__Task item__
Below are the entries; set down each of them exactly.

Records shown: Begin

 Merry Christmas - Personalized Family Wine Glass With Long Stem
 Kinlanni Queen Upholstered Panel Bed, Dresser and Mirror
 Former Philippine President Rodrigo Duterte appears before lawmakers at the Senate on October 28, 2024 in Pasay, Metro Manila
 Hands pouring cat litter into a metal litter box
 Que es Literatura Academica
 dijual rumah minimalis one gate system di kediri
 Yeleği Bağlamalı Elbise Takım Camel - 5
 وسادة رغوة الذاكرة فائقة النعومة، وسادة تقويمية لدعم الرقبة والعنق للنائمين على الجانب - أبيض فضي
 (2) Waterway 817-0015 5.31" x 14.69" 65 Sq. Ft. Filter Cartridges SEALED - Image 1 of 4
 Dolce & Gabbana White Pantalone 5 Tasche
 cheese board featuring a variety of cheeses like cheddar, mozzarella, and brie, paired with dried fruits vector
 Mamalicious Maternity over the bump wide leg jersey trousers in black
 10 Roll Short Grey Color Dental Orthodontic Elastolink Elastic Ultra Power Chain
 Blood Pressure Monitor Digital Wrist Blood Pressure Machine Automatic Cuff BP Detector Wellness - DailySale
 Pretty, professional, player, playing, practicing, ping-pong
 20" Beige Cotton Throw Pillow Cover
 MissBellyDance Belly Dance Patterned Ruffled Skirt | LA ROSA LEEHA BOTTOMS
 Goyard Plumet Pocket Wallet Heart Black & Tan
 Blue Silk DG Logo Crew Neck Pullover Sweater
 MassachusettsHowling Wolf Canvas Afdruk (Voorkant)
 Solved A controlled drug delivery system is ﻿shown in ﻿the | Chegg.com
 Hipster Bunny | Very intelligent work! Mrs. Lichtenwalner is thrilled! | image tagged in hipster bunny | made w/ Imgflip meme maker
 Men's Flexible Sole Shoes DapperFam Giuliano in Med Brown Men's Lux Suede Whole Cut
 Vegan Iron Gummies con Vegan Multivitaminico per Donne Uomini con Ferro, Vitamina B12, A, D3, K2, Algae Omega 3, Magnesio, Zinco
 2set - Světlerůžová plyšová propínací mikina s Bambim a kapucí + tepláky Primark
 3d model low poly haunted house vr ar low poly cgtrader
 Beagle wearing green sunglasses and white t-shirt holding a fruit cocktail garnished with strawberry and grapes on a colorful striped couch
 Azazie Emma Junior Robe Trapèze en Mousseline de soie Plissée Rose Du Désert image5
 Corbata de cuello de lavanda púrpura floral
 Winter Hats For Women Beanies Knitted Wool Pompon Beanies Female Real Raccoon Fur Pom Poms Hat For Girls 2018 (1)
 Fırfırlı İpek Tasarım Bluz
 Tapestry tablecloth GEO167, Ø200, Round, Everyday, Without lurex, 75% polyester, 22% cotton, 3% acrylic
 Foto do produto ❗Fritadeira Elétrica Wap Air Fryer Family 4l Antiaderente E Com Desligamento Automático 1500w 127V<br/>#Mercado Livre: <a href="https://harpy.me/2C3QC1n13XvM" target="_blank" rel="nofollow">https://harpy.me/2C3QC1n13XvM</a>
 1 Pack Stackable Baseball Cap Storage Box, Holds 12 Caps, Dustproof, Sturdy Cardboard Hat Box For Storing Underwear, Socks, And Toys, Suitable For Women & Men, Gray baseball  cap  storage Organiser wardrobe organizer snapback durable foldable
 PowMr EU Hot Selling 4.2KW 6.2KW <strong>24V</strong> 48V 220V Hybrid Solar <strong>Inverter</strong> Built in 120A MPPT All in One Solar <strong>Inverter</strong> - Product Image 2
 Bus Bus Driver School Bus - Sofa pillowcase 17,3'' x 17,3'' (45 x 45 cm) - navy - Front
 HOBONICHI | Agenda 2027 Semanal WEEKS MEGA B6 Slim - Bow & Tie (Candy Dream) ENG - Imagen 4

Records shown: End

__Response box__
 Merry Christmas - Personalized Family Wine Glass With Long Stem
 Kinlanni Queen Upholstered Panel Bed, Dresser and Mirror
 Former Philippine President Rodrigo Duterte appears before lawmakers at the Senate on October 28, 2024 in Pasay, Metro Manila
 Hands pouring cat litter into a metal litter box
 Que es Literatura Academica
 dijual rumah minimalis one gate system di kediri
 Yeleği Bağlamalı Elbise Takım Camel - 5
 وسادة رغوة الذاكرة فائقة النعومة، وسادة تقويمية لدعم الرقبة والعنق للنائمين على الجانب - أبيض فضي
 (2) Waterway 817-0015 5.31" x 14.69" 65 Sq. Ft. Filter Cartridges SEALED - Image 1 of 4
 Dolce & Gabbana White Pantalone 5 Tasche
 cheese board featuring a variety of cheeses like cheddar, mozzarella, and brie, paired with dried fruits vector
 Mamalicious Maternity over the bump wide leg jersey trousers in black
 10 Roll Short Grey Color Dental Orthodontic Elastolink Elastic Ultra Power Chain
 Blood Pressure Monitor Digital Wrist Blood Pressure Machine Automatic Cuff BP Detector Wellness - DailySale
 Pretty, professional, player, playing, practicing, ping-pong
 20" Beige Cotton Throw Pillow Cover
 MissBellyDance Belly Dance Patterned Ruffled Skirt | LA ROSA LEEHA BOTTOMS
 Goyard Plumet Pocket Wallet Heart Black & Tan
 Blue Silk DG Logo Crew Neck Pullover Sweater
 MassachusettsHowling Wolf Canvas Afdruk (Voorkant)
 Solved A controlled drug delivery system is ﻿shown in ﻿the | Chegg.com
 Hipster Bunny | Very intelligent work! Mrs. Lichtenwalner is thrilled! | image tagged in hipster bunny | made w/ Imgflip meme maker
 Men's Flexible Sole Shoes DapperFam Giuliano in Med Brown Men's Lux Suede Whole Cut
 Vegan Iron Gummies con Vegan Multivitaminico per Donne Uomini con Ferro, Vitamina B12, A, D3, K2, Algae Omega 3, Magnesio, Zinco
 2set - Světlerůžová plyšová propínací mikina s Bambim a kapucí + tepláky Primark
 3d model low poly haunted house vr ar low poly cgtrader
 Beagle wearing green sunglasses and white t-shirt holding a fruit cocktail garnished with strawberry and grapes on a colorful striped couch
 Azazie Emma Junior Robe Trapèze en Mousseline de soie Plissée Rose Du Désert image5
 Corbata de cuello de lavanda púrpura floral
 Winter Hats For Women Beanies Knitted Wool Pompon Beanies Female Real Raccoon Fur Pom Poms Hat For Girls 2018 (1)
 Fırfırlı İpek Tasarım Bluz
 Tapestry tablecloth GEO167, Ø200, Round, Everyday, Without lurex, 75% polyester, 22% cotton, 3% acrylic
 Foto do produto ❗Fritadeira Elétrica Wap Air Fryer Family 4l Antiaderente E Com Desligamento Automático 1500w 127V<br/>#Mercado Livre: <a href="https://harpy.me/2C3QC1n13XvM" target="_blank" rel="nofollow">https://harpy.me/2C3QC1n13XvM</a>
 1 Pack Stackable Baseball Cap Storage Box, Holds 12 Caps, Dustproof, Sturdy Cardboard Hat Box For Storing Underwear, Socks, And Toys, Suitable For Women & Men, Gray baseball  cap  storage Organiser wardrobe organizer snapback durable foldable
 PowMr EU Hot Selling 4.2KW 6.2KW <strong>24V</strong> 48V 220V Hybrid Solar <strong>Inverter</strong> Built in 120A MPPT All in One Solar <strong>Inverter</strong> - Product Image 2
 Bus Bus Driver School Bus - Sofa pillowcase 17,3'' x 17,3'' (45 x 45 cm) - navy - Front
 HOBONICHI | Agenda 2027 Semanal WEEKS MEGA B6 Slim - Bow & Tie (Candy Dream) ENG - Imagen 4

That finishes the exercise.